● Input data
----
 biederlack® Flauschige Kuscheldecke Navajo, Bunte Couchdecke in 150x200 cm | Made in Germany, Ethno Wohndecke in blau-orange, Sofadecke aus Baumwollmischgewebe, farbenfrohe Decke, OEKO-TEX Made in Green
----
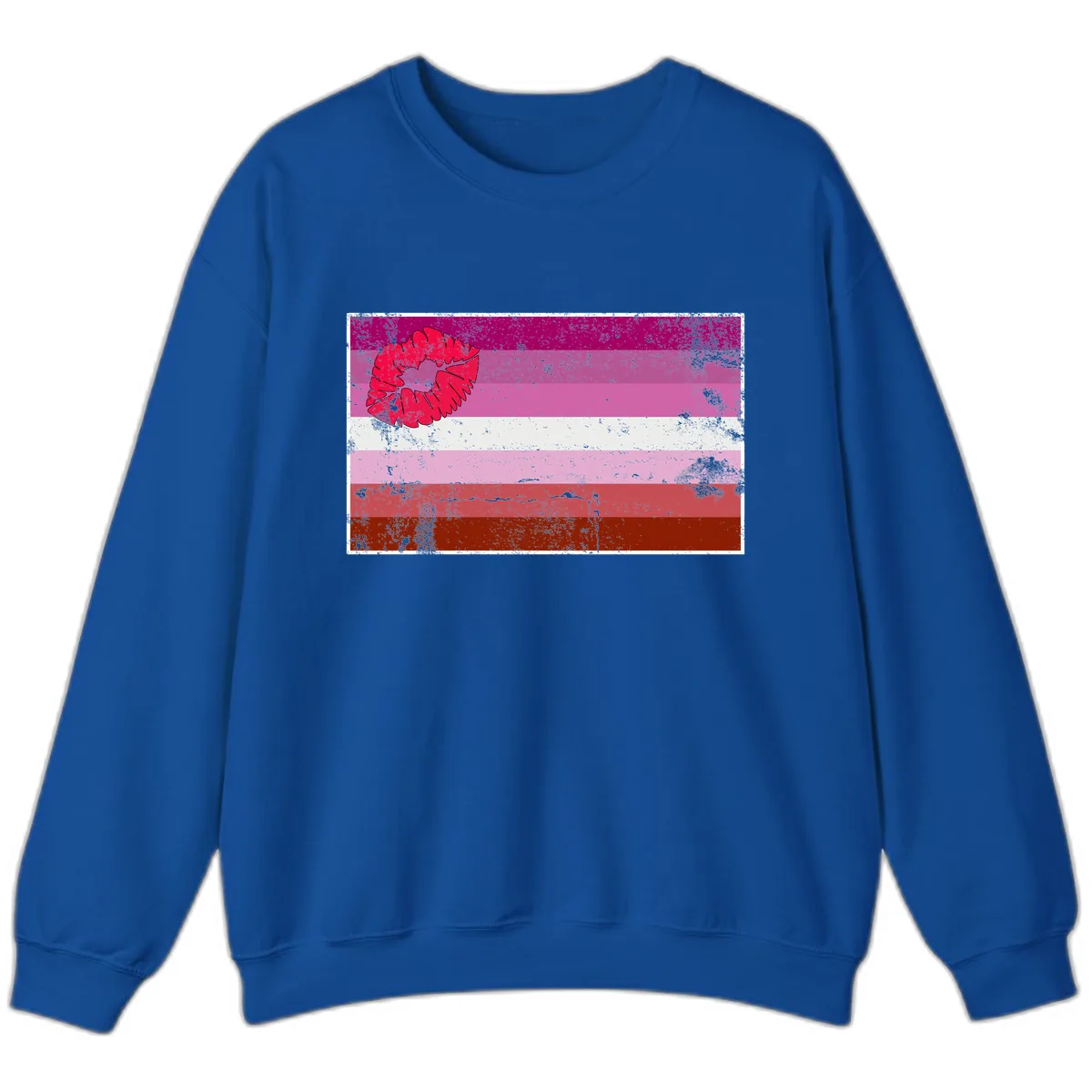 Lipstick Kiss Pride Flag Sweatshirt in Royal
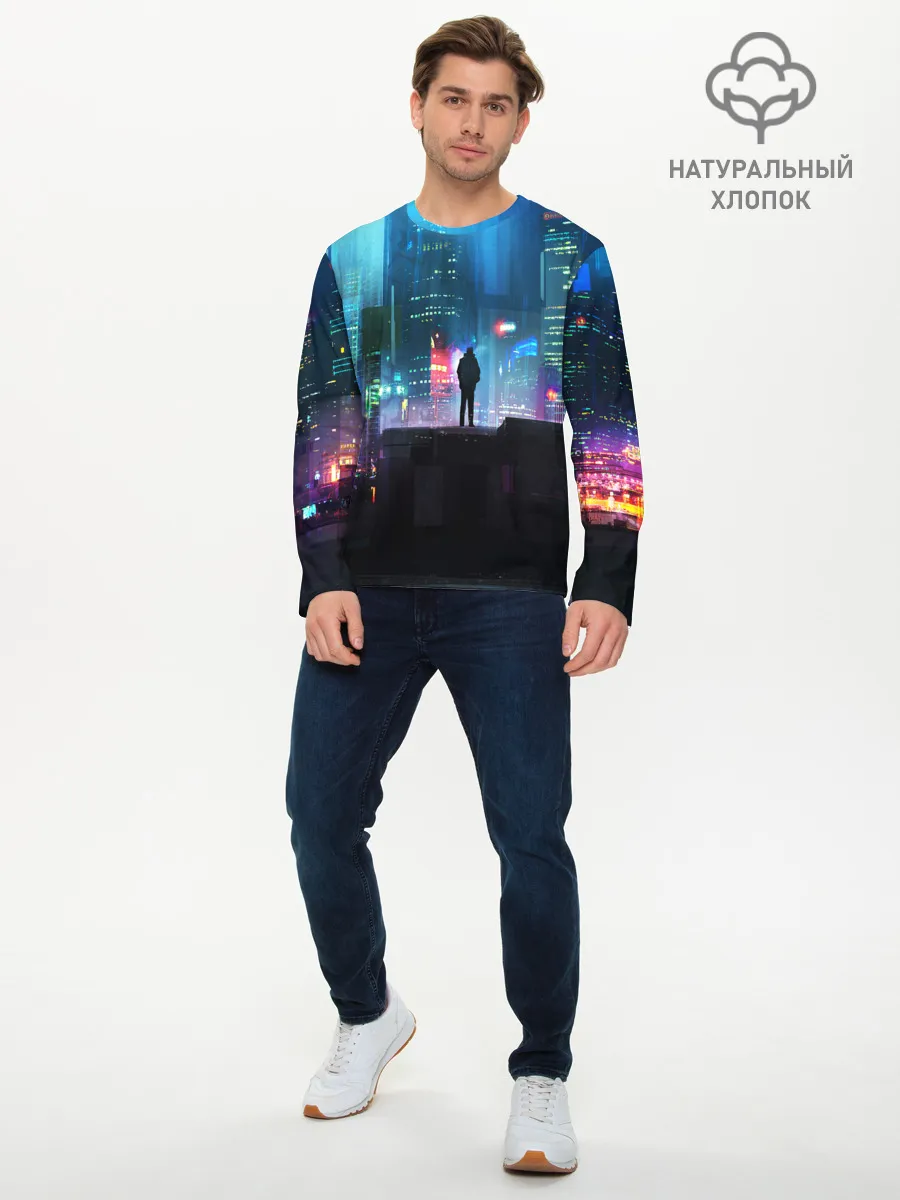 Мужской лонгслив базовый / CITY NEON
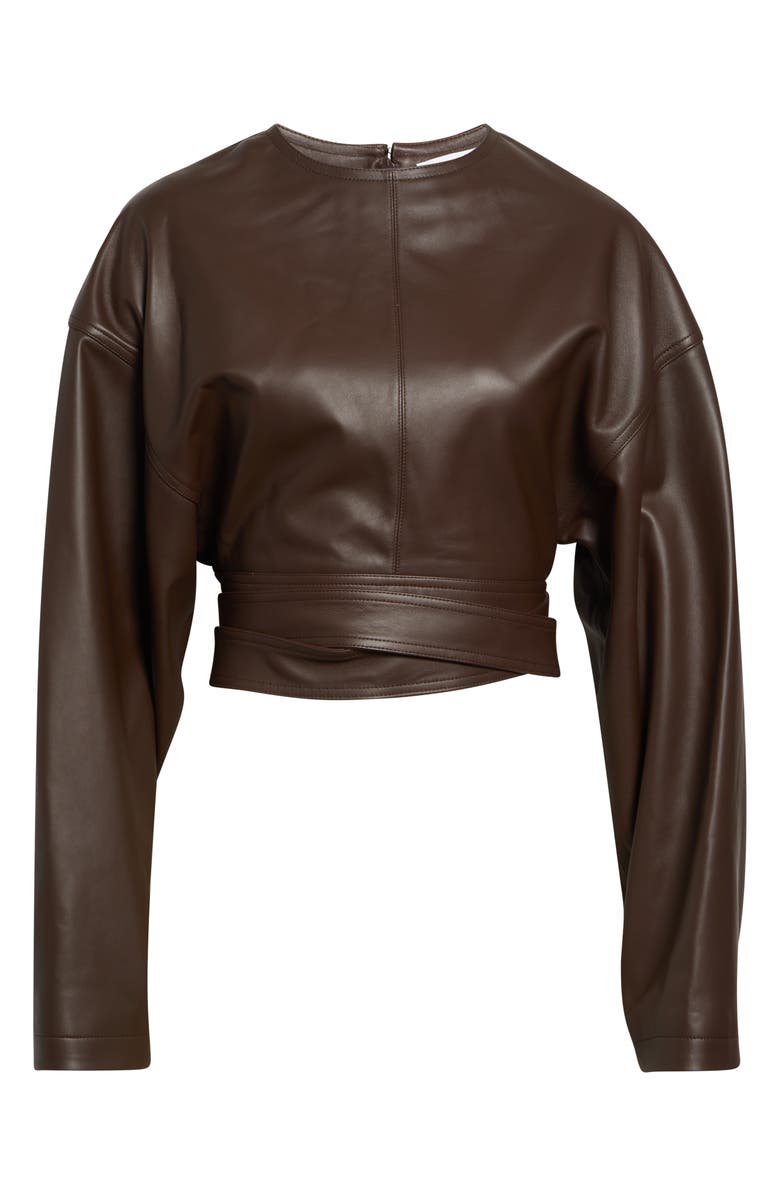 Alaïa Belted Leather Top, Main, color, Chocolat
----
● What you are asked to do
Print everything from the line with "Lipstick Kiss Pride Flag Sweatshirt in Royal" down to the line with "Alaïa Belted Leather" in the entries above, both lines included and nothing more, without the pictures.

● Result
 Lipstick Kiss Pride Flag Sweatshirt in Royal
 Мужской лонгслив базовый / CITY NEON
 Alaïa Belted Leather Top, Main, color, Chocolat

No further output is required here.